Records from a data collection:
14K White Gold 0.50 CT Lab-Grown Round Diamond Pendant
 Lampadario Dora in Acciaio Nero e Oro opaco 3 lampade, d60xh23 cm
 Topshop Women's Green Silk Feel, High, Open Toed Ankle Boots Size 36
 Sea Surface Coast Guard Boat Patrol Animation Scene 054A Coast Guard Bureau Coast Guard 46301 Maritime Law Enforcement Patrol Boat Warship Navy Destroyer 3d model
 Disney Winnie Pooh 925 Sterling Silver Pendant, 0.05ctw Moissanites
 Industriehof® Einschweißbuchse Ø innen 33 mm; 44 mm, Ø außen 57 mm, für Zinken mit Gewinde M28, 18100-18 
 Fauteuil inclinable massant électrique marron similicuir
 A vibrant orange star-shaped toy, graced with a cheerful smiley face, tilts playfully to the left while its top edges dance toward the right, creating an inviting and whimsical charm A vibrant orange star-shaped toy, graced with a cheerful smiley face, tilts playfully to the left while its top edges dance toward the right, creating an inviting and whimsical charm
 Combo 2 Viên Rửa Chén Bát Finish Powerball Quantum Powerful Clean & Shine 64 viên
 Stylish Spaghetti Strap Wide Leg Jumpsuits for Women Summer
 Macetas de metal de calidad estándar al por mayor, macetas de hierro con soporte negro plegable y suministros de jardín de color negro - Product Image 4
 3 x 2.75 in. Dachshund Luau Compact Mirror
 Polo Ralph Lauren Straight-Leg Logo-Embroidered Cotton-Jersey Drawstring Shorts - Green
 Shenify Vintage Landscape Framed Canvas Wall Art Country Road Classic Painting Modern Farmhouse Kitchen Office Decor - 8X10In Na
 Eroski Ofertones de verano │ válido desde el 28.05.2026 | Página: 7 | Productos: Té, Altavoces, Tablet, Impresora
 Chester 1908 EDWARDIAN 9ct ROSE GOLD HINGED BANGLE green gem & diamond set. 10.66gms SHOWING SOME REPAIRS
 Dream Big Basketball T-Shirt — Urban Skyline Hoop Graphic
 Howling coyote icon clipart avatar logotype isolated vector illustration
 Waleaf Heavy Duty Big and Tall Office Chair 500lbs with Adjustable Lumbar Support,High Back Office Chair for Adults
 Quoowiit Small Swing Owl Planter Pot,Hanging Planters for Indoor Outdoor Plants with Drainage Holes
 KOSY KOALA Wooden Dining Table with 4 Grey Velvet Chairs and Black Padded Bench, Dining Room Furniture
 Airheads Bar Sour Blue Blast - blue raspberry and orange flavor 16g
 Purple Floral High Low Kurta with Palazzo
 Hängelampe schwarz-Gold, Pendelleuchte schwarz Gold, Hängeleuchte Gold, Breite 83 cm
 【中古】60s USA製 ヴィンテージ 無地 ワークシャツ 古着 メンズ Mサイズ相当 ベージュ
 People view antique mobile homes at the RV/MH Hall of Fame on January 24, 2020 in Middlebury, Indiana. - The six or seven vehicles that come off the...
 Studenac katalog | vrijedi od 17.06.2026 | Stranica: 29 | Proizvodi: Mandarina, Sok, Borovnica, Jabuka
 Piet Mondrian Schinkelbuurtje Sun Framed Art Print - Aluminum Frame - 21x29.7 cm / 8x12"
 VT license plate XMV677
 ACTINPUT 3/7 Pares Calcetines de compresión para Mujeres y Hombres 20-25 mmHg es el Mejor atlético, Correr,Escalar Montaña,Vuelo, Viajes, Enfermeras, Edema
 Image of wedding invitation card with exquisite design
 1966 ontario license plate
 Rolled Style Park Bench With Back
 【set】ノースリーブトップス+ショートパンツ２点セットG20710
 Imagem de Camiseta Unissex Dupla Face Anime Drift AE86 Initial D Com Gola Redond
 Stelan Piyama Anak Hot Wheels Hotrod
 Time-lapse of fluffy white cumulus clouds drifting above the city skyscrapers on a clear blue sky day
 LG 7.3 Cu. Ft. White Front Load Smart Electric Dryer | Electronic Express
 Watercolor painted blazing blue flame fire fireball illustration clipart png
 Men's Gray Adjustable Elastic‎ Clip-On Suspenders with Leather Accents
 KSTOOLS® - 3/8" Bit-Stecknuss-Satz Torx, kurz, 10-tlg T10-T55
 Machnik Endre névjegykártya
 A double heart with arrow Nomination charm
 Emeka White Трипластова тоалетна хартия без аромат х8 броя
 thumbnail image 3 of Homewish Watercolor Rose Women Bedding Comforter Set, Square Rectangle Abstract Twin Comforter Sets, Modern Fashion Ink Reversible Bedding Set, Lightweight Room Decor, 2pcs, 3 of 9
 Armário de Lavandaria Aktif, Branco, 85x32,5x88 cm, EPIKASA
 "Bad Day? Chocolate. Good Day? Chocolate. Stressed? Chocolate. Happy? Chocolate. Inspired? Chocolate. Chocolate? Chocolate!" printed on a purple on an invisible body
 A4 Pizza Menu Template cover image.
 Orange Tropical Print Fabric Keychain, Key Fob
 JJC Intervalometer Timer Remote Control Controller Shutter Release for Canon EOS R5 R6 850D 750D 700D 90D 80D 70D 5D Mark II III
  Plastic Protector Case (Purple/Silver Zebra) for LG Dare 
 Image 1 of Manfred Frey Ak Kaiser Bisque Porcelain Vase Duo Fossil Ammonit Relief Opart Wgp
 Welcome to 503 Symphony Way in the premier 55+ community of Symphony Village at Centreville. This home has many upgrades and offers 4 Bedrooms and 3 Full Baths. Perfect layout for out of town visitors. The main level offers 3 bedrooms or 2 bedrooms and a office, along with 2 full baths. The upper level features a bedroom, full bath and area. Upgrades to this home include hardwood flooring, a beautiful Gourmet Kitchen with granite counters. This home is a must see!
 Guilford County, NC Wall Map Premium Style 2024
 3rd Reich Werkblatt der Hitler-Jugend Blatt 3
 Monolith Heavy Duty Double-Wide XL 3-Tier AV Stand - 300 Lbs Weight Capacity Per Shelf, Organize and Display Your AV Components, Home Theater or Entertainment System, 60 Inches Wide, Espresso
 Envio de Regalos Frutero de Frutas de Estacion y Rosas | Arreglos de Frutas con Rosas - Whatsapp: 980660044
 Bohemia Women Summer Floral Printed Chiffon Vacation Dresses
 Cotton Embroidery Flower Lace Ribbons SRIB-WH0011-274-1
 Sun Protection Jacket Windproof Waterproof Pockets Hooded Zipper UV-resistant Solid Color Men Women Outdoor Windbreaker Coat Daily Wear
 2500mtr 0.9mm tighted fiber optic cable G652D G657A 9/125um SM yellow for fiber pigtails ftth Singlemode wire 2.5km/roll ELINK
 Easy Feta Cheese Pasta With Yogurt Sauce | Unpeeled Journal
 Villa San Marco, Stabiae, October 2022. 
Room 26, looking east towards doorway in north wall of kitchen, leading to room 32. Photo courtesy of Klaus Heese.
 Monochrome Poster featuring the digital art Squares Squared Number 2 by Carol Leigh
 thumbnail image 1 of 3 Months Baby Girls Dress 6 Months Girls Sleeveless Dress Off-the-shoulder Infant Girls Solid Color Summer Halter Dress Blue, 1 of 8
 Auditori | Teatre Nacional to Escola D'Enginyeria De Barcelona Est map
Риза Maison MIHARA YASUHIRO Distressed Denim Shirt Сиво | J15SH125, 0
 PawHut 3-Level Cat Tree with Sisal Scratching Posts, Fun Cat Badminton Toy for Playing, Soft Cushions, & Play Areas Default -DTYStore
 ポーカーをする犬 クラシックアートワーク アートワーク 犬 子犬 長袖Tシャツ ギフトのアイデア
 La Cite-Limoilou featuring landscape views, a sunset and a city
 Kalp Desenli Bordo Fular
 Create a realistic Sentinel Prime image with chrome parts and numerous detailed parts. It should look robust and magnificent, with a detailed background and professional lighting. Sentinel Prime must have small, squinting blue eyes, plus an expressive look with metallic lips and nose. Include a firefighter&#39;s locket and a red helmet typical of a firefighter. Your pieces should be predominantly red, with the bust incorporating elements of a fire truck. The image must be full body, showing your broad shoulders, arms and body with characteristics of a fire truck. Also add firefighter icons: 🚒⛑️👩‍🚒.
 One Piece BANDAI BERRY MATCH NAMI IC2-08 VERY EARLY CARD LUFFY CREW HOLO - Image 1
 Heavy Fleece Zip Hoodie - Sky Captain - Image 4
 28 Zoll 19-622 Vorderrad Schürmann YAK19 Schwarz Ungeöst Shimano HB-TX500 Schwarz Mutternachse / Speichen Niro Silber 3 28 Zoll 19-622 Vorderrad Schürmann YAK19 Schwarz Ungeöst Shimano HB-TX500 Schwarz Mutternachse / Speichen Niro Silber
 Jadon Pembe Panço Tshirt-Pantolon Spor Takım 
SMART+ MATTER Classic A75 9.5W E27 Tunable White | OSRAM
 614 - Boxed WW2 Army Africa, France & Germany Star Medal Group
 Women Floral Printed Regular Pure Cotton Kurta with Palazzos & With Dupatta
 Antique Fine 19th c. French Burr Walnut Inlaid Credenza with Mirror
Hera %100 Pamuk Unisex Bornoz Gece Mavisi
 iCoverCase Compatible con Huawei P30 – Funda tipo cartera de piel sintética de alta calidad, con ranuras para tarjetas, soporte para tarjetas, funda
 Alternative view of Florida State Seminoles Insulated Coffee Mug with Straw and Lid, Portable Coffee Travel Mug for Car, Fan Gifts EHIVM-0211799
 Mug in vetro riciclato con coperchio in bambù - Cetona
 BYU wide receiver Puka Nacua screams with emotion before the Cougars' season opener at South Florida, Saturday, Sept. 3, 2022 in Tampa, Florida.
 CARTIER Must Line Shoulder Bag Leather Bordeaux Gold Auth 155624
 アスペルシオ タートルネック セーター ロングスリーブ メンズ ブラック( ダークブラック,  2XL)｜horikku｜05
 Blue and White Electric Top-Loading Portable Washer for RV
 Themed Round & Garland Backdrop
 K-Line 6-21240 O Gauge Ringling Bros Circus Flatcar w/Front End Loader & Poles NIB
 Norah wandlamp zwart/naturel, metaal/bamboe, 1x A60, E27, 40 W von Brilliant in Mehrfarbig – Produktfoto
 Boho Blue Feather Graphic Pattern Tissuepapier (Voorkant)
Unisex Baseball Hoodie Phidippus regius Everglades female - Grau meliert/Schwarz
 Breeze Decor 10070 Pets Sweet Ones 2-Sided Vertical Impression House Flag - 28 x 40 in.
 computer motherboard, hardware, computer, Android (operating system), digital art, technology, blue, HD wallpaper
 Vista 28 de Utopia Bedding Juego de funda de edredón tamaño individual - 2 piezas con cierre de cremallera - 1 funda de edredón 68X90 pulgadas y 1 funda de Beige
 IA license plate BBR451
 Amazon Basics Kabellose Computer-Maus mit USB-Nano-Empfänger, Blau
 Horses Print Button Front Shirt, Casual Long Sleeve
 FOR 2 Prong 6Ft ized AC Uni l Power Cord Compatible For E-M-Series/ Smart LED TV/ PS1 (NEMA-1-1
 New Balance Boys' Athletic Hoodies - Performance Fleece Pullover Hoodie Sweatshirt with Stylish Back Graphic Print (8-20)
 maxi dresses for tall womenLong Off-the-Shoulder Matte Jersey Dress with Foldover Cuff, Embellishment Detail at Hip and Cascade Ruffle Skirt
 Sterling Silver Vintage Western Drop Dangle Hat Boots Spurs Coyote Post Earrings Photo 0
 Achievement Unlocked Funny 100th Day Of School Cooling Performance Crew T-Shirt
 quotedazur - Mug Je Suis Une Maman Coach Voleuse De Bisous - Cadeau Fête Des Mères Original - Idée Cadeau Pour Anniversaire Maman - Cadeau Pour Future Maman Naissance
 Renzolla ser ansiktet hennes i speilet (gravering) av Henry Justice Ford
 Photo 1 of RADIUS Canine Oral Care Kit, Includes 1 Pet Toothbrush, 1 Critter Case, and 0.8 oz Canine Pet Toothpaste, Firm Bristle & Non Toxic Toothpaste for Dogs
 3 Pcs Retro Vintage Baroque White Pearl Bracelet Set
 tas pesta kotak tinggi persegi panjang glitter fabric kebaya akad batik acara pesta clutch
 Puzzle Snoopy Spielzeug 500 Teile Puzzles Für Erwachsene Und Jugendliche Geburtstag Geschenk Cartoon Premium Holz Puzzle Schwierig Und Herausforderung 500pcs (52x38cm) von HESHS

• **YOUR TASK**
Looking back over the data above, restate word for word the lines that begin at the line with "K-Line 6-21240 O" and end at the line with "Boho Blue Feather", inclusive.

• **RESPONSE**
 K-Line 6-21240 O Gauge Ringling Bros Circus Flatcar w/Front End Loader & Poles NIB
 Norah wandlamp zwart/naturel, metaal/bamboe, 1x A60, E27, 40 W von Brilliant in Mehrfarbig – Produktfoto
 Boho Blue Feather Graphic Pattern Tissuepapier (Voorkant)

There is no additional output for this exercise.